Keeping track of what you hold, where the EACs sit, and whether the EACs in registry accounts line up with the expected amount is a core part of managing position. The Certificates section gives you several complementary views to do explore certificate holdings:
- Registry accounts — see the accounts your organisation holds across different registries
- Inventory — see your aggregated holdings across all accounts and registries, with filtering by registry, certificate type, country, technology, and other attributes
- Registry transactions — an aggregated view of all account movements (e.g., transfers in or out) across all of your accounts
Together, these views let you quickly answer: How many certificates do I have? Where are they?
💡 The Granular Energy Technical Solutions team will help you set up your registry accounts in the platform, as well as design a data pipeline or API connection to your registry to automate data inflow. To learn more, read the article about uploading certificates data in the platform.
How to explore your registry holdings
Step 1 — Review your registry accounts
In the left-hand navigation under Certificates, click Registry accounts.
This page lists all the accounts your organisation holds across external registries. Each row represents a registry account, showing:
- The registry it belongs to
- The account holder identity under which it is registered
- The account name within an account holder

Step 2 — Explore aggregated holdings in the Inventory
To get a consolidated view across all your accounts and registries, go to Certificates > Inventory.
The Inventory page aggregates your total certificate holdings and lets you slice them by:
- Certificate type — e.g. GO, iREC, TIGR, REGO, or any other supported type
- Country / region of origin — useful if you operate across multiple markets
- Technology — wind, solar, hydro, biomass, etc.
- Asset age — filter by how old the asset is
- Vintage — when the energy was generated
- Registry — compare holdings across registries side by side
- …and all other attributes captured on a certificate

Step 3 — Review all account movements in Registry transactions
To see every certificate movement in or out of your registry accounts, go to Certificates > Registry transactions.
This page shows an aggregated log of all transactions across all your accounts.
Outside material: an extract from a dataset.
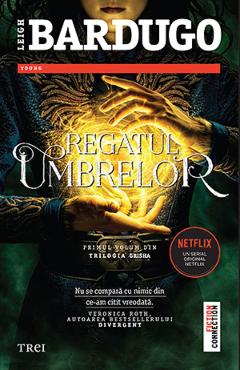 Regatul umbrelor. Seria Grisha. Vol.1 - Leigh Bardugo
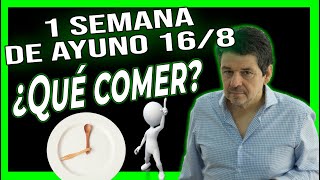 AYUNO INTERMITENTE Qué comer durante 1 SEMANA🤯 Ayuno 168 [upl. by Pontone]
Each transaction in this view should correspond to one that the platform expected — based on your buy or sell deals, own generation, or cancellation instructions.
Possible transaction types include:
- Issuance — new certificates issued directly into your account, typically from a production device registered to you
- Transfer
- Inbound transfer — certificates received into your account from a counterparty, typically as delivery against a buy deal
- Outbound transfer — certificates sent from your account to a counterparty, typically as delivery against a sell deal or cancellation instruction
- Internal transfer — certificates moved between two of your own registry accounts (e.g. between sub-accounts or across registries)
- Cancellation — certificates cancelled (retired) in the registry against a customer or portfolio obligation
- Expiry — certificates that have lapsed past their validity window without being cancelled
- Revocation — certificates that have been revoked, for example the asset was found to be ineligible to issue EACs, or over-issued EACs
Step 4 — Check that holdings match your expected position
The certificate balances and transactions shown in the Inventory and Registry transactions sections should reflect the volume of EACs expected in the platform — whether from buy or sell deal volumes, own generation, or cancellations.
To ensure that every transaction executed in the registry matches what the platform expects, use the reconciliation workflow. If you notice a discrepancy — for example, a certificate delivery was expected through a buy deal but the EACs have not arrived in platform inventory — this indicates that a reconciliation step is needed.
Tips & things to know.
- Inter-registry holdings: If you use several accounts within the same registry (for example a supplier account and a trading account), the platform helps you keep track of what exact account the EACs are currently in and takes this into account when creating cancellation or transfer instructions.
- Uploading data: Depending on the registries that you use, there might be an API connection to automatically pull data into our platform or there are other ways to set up a data pipeline.